Would like to hear your ideas (I promise I won't steel your favorite site







)


----------



## tomlholmes (Jul 3, 2007)

We haven't camped in Colorado, but I like this web site, RV Park Reviews, CLICKY HERE to look for reviews on RV parks. While you may not totally rely on someone else's view, you can get an idea of what might be out there. I hope this helps.

And if you find a great spot, please let me know!

HEIDI


----------



## Carey (Mar 6, 2012)

Try Clear Creek Resivoir, and campground, between Buena Vista and Leadville.. Its just south of Granite Colo. It is a state campground. It is wonderfully quiet.. Its all dry camping.. It sits off of the highway(24) so mostly just us locals know about it.. The lake or campground cant be seen from the highway.

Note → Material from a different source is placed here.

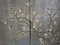 Early Meiji Period Japanese Two Panel Silver Leaf Screen, 1800s 4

We were up there a few weeks back and they were lowering the lake, so fishing might not be too good, till the level gets back up..

Carey


----------



## renegade21rs (Oct 8, 2006)

Dory Hill Campground on Colorado 119, just north of Blackhawk. We stayed there in 2002, when it was a KOA. It's at the 9000 foot level, and doesn't seem to be all that busy. Kind of short on amenities, but a really scenic base camp. I would love to go stay there again! About 30-40 miles from Denver.


----------



## 2500Ram (Oct 30, 2005)

The Granby/Grand Lake area is nice we hunt there every fall with our OB. Plenty of areas to fit an OB but do plan a drive or drop off before getting on the dirt roads to find a site. We take hwy 40 past Winter Park Frasier into Granby and then hwy 125 north 13.5 miles to CR 121 (dirt road single track but doable with our 26rs with no bottoming out) There are 2 state camp grounds Denver creek is the name I believe the one on the east side of hwy 125 is much more wooded, camp hosts are on the west side. If your into ATV's the CR 121 connects to hwy 34 (grand lake side)the other side of the MTNS and is an approved ATV park. The Conoco on the North end of Granby has a free dump station and water, they just ask for a fuel fill up or store purchase, it's around back, don't ask just use/dump fill up buy something and thank them as you leave.

The area is beautiful, warm days cool nights.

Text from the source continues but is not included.